| dc.description.abstract | The interior conditions of planets are highly uncertain, because two types of intrinsic degeneracies – compositional degeneracy and structural degeneracy – prevent precise characterization. In this thesis, I develop a planetary interior code package, CORGI, incorporating state-of-the-art physical properties of planet-forming materials. Using CORGI, I eliminate unmixed interior scenarios for Uranus, rule out the fossil-compressed formation hypothesis for high-density exoplanets, and establish a link between formation history and atmospheric composition for hypothetical Earth-like white dwarf (WD) exoplanets, reducing interior degeneracy for these planets. However, I also identify a novel carbon-rich interior composition for sub-Neptunes, introducing an additional degeneracy to this already ambiguous category.
It is heatedly debated that whether Uranus is a distinct-layer “ice giant” with greater than 70 wt% ice or a “rock giant” with compositional gradients and roughly equal amounts of ice and rock. Gravity field measurements from spacecraft, which directly probe interior mass distribution, are expected to resolve this debate. However, I show that the degeneracy will persist even with future Uranus Orbiter and Probe (UOP) mission, but the level of degeneracy can be reduced. My models indicate that only highly mixed interiors – either those with smooth density gradients or those with substantial light elements in the mantle and heavy elements in the atmosphere – are consistent with previous Voyager 2 measurements.

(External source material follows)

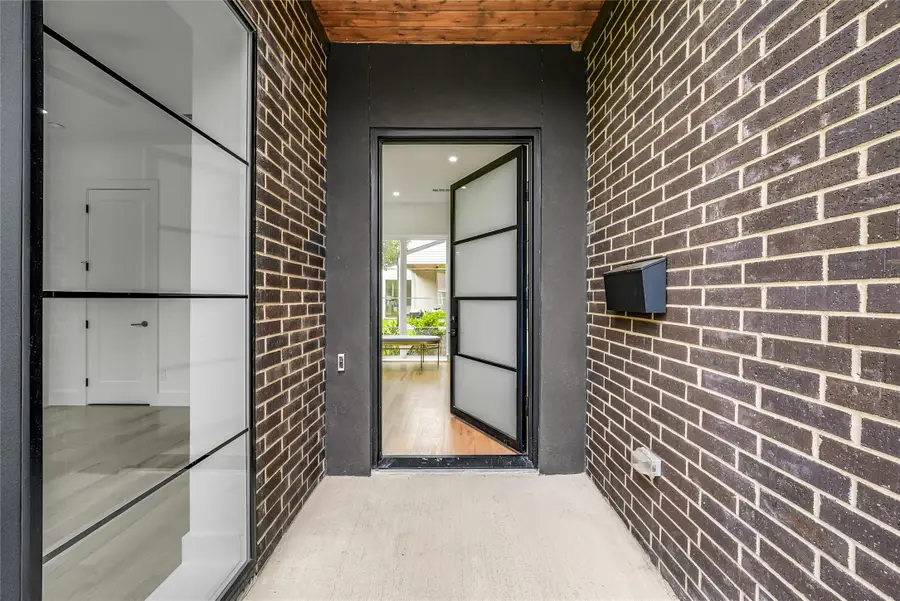 2410 N Prairie Avenue, Dallas, TX 75204 - #2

Additionally, I demonstrate that the UOP can distinguish between high- and low-atmospheric metallicity scenarios and constrain the J6 harmonic, and potentially J8, if placed in close-in polar orbits, informing the mission and orbit design of UOP.
For exoplanets with no solar system counterparts, interior models are essential for understanding their composition, structure, formation, and evolution. I apply CORGI to a category of high-density planets that are consistent with greater than 50% core mass fraction, substantially higher than that of the Earth (33%). By combining planetary interior modeling with photoevaporation modeling, I investigate into one of the hypotheses – the fossil-compressed hypothesis – for the origin of high-density planets. My models revealed that most high-density planets are highly improbable to be fossil-compressed cores, because most or even all of the iron-silicate core is molten during the evolution, while the fossil-compressed hypothesis requires a solid core. Kolmogorov–Smirnov test statistics show that this result is robust for planets with both hydrogen-dominated and steam envelopes.
Planetary interior models sometimes reveal new degeneracies rather than resolving them. By combining interior, atmospheric chemistry, and transmission spectra models, I identify a new possible interior composition for sub-Neptunes: carbon-rich composition. I posit that sub-Neptunes formed between the “soot line” – a condensation line for refractory organic carbon – and the water snow line would have high bulk C/O ratios and a substantial carbon layer. Interior models revealed that such carbon-rich compositions are consistent with the masses and radii of sub-Neptunes, given appropriate atmospheric metallicity. Atmospheric chemistry and transmission spectra models found that the spectral features predicted for carbon-rich sub-Neptunes are compatible with observations by the Hubble Space Telescope and the James Webb Space Telescope.
Finally, I explore the connection between post-main-sequence evolutions and the atmosphere and interior conditions of hypothetical Earth-like planets orbiting WDs. I showed that first-generation WD planets that have experienced significant atmospheric loss and second-generation WD planets that are formed in WD debris disks under a more clement radiation environment can be distinguished by the presence of a hydrogen-dominated atmosphere. Additionally, the interior conditions of second-generation WD planets can be inferred from WD pollution observations. | |